Gian Micalessin
Tutto da rifare, tutto da rincominciare. La sottile trama dei rapporti israelo-palestinesi si è disfatta come una tela di Penelope. Il buio è calato di nuovo dopo l’uccisione domenica sera di due cugine israeliane poco più che ventenni e di un ragazzo quattordicenne imbottiti di piombo da un commando palestinese mentre facevano autostop sulla strada per Carmel, la colonia in cui abitavano, nella zona palestinese di Hebron, in Cisgiordania. In risposta a quel triplice assassinio Israele ha deciso di sospendere tutti gli incontri preliminari organizzati in vista del summit tra il premier Ariel Sharon e il presidente dell’Anp, Abu Mazen.
E sulle strade della Cisgiordania sono tornati i posti di blocco dell’esercito, in alcune zone è stata proibita la circolazione delle auto private palestinesi. Tutto insomma come nei momenti più neri di questi cinque anni di violenze.
Mentre in Cisgiordania tornano in scena agguati e posti di blocco, a Gaza l’infiltrazione di Al Qaida si fa sempre più concreta e circostanziata. Il capo dell’intelligence militare, il generale Aharon Zeevi-Farkash, primo esponente israeliano ad ammettere già a settembre la penetrazione nella Striscia, ha confermato i suoi sospetti in un’intervista al quotidiano Maariv. «Sappiamo di almeno dieci militanti legati alla Jihad globale (così gli israeliani definiscono i militanti del terrorismo islamico internazionale) penetrati durante i noti episodi sulla linea di Philadelphia», ha detto il generale ricordando lo sfondamento delle barriere di separazione al confine con l’Egitto dopo il ritiro israeliano. «Ormai –ha concluso Zeevi - esiste il potenziale per lo sviluppo di un’infrastruttura di Al Qaida all’interno di Gaza».
L’agguato che domenica sera ha ucciso i tre giovani coloni, il primo dopo il ritiro da Gaza, rappresenta un duro colpo per la credibilità di Abu Mazen impegnato in un giro di consultazioni internazionali che l’ha visto, tra domenica e ieri, al Cairo e a Parigi. Ma l’attacco rischia soprattutto di compromettere l’incontro di giovedì alla Casa Bianca durante il quale il presidente palestinese e quello statunitense George W. Bush dovranno discutere le premesse per rilancio dei negoziati della Road Map. Poco prima d’incontrare il suo omologo Jacques Chirac, nella sua prima visita a Parigi dopo l’elezione a presidente, Abu Mazen si è detto «dispiaciuto» per l’uccisione dei tre ragazzi israeliani. «Tutte le organizzazioni palestinesi firmatarie del cessate il fuoco hanno condannato l’operazione», ha dichiarato.

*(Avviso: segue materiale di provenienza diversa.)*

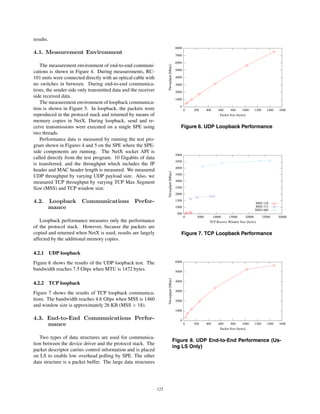 results.
4.1. Measurement Environment
The measurement environment of end-to-end communi-
cations is shown in Figure 4. During measurements, RC-
101 units were connected directly with an optical cable with
no switches in between. During end-to-end communica-
tions, the sender side only transmitted data and the receiver
side received data.
The measurement environment of loopback communica-
tion is shown in Figure 5. In loopback, the packets were
reproduced in the protocol stack and returned by means of
memory copies in NetX. During loopback, send and re-
ceive transmissions were executed on a single SPE using
two threads.
Performance data is measured by running the test pro-
gram shown in Figures 4 and 5 on the SPE where the SPE-
side components are running. The NetX socket API is
called directly from the test program. 10 Gigabits of data
is transferred, and the throughput which includes the IP
header and MAC header length is measured. We measured
UDP throughput by varying UDP payload size. Also, we
measured TCP throughput by varying TCP Max Segment
Size (MSS) and TCP window size.
4.2. Loopback Communications Perfor-
mance
Loopback performance measures only the performance
of the protocol stack. However, because the packets are
copied and returned when NetX is used, results are largely
affected by the additional memory copies.
4.2.1 UDP loopback
Figure 6 shows the results of the UDP loopback test. The
bandwidth reaches 7.5 Gbps when MTU is 1472 bytes.
4.2.2 TCP loopback
Figure 7 shows the results of TCP loopback communica-
tions. The bandwidth reaches 4.6 Gbps when MSS is 1460
and window size is approximately 26 KB (MSS × 18).
4.3. End-to-End Communications Perfor-
mance
Two types of data structures are used for communica-
tion between the device driver and the protocol stack. The
packet descriptor carries control information and is placed
on LS to enable low overhead polling by SPE. The other
data structure is a packet buffer. The large data structures
0
1000
2000
3000
4000
5000
6000
7000
8000
0 200 400 600 800 1000 1200 1400 1600
Throughput[Mbps]
Packet Size [bytes]
Figure 6. UDP Loopback Performance
500
1000
1500
2000
2500
3000
3500
4000
4500
5000
0 5000 10000 15000 20000 25000 30000
Throughput[Mbps]
TCP Receive Window Size [bytes]
MSS 128
MSS 512
MSS1460
Figure 7. TCP Loopback Performance
0
1000
2000
3000
4000
5000
6000
0 200 400 600 800 1000 1200 1400 1600
Throughput[Mbps]
Packet Size [bytes]
Figure 8. UDP End-to-End Performance (Us-
ing LS Only)
125
 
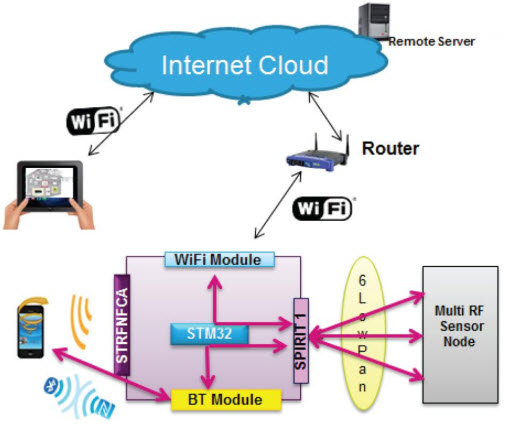 STMicroelectronics STEVAL-IDI004V2 Reference Design 6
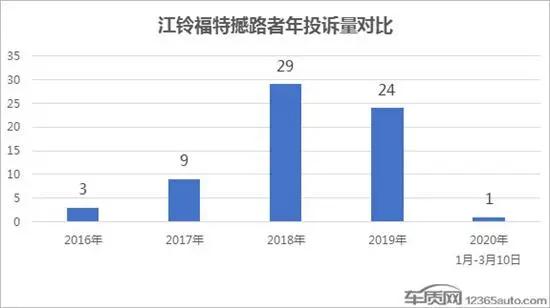 江铃福特撼路者可靠性,江铃福特憾路者
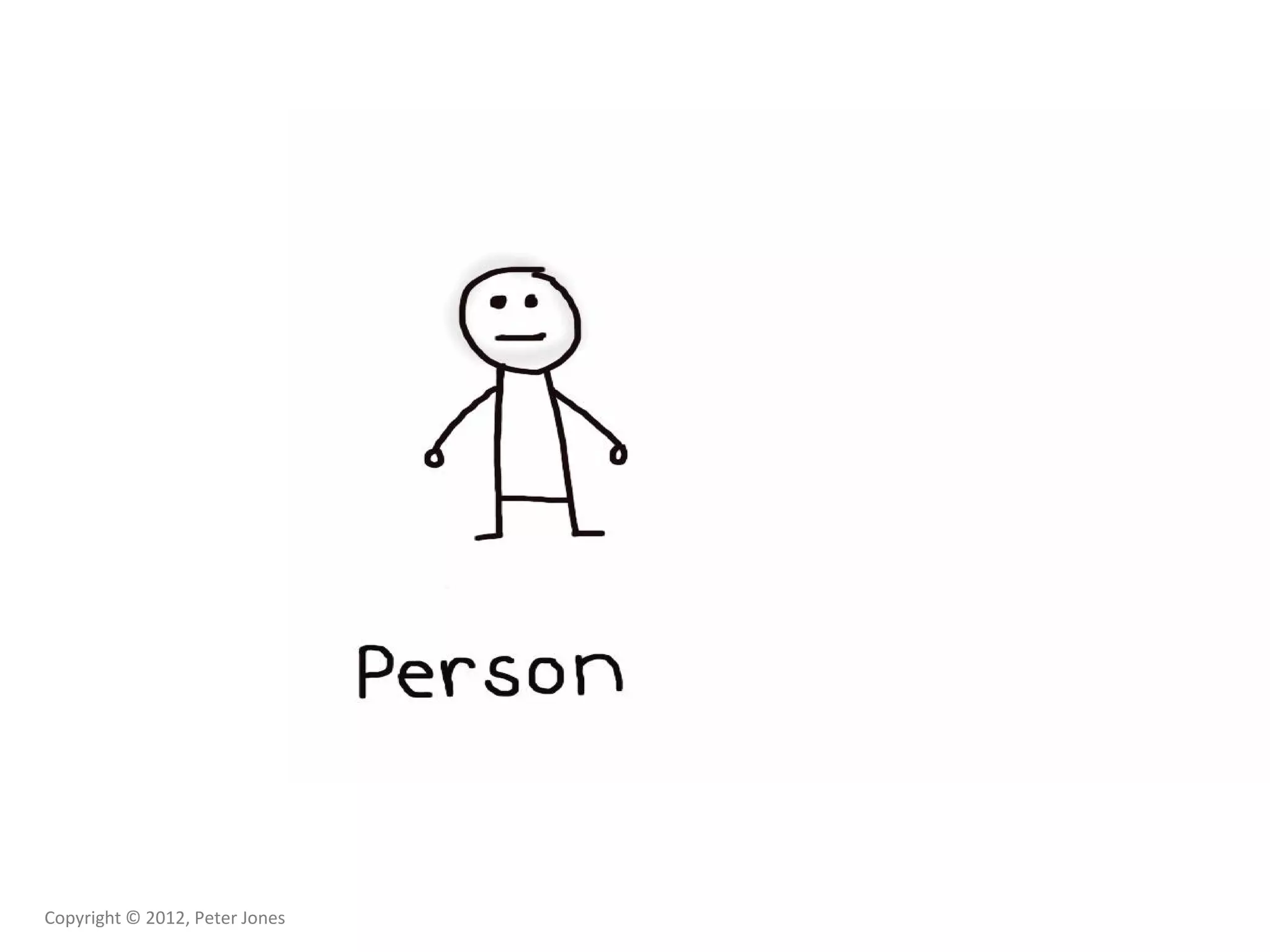 Copyright © 2012, Peter Jones
 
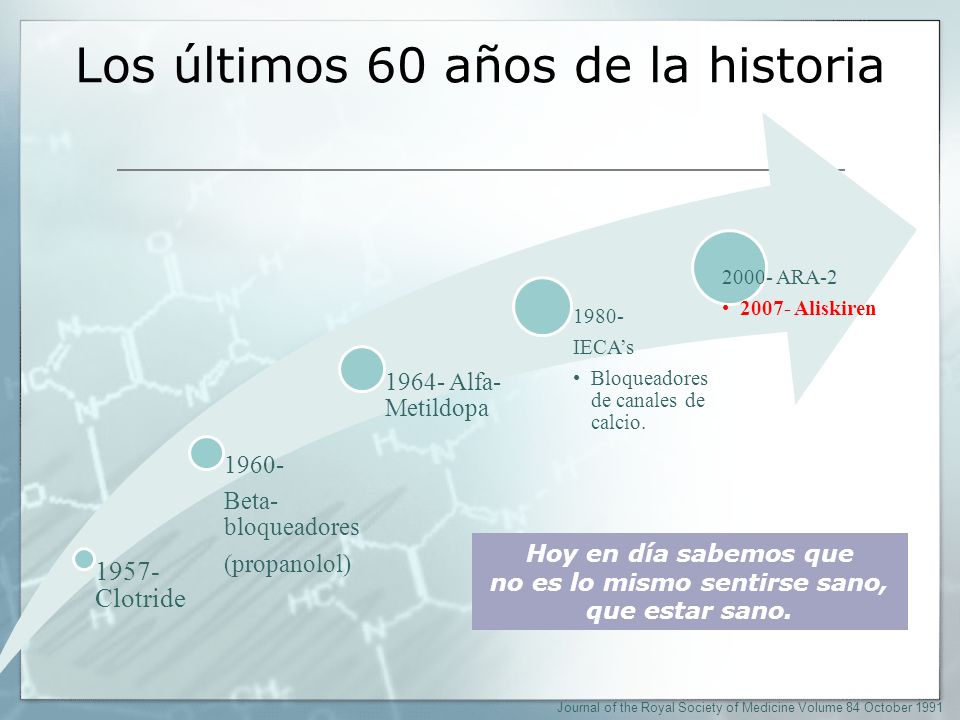 Los últimos 60 años de la historia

La verità è molto più complessa. Nominalmente il triplice assassinio è stato rivendicato dalle Brigate Martiri Al Aqsa. In verità, secondo i servizi di sicurezza israeliani, dietro quella sigla si nasconderebbero le cellule di Hamas e della Jihad Islamica di Hebron interessate a colpire senza dimostrare di aver rotto l’impegno alla tregua. Secondo fonti militari israeliane, questo atteggiamento avrebbe contraddistinto tutti gli attentati messi a segno negli ultimi mesi da Jihad islamica e Hamas. L’attacco sembra voler dimostrare l’irrilevanza di un presidente presentatosi come garante della tregua con i gruppi armati. Una tregua che le milizie fanno capire di poter infrangere quando vogliono.
Secondo il viceministro israeliano della Difesa, Zeev Boim, l’imboscata mortale dimostra lo scarso impegno dell’Autorità nazionale palestinese nel tener sotto controllo i gruppi armati. Boim ha ribadito che in questa situazione è quasi impossibile far progressi sulla strada dei negoziati e ha escluso qualsiasi ritiro dell’esercito dalle città palestinesi della Cisgiordania. «In questo momento – ha detto il numero due della Difesa - non vedo come sia possibile trasferire le città a una sicurezza palestinese dimostratasi incapace di svolgere qualsiasi controllo».
Secondo i palestinesi, la decisione di congelare tutti i contatti e i negoziati si rivelerà controproducente.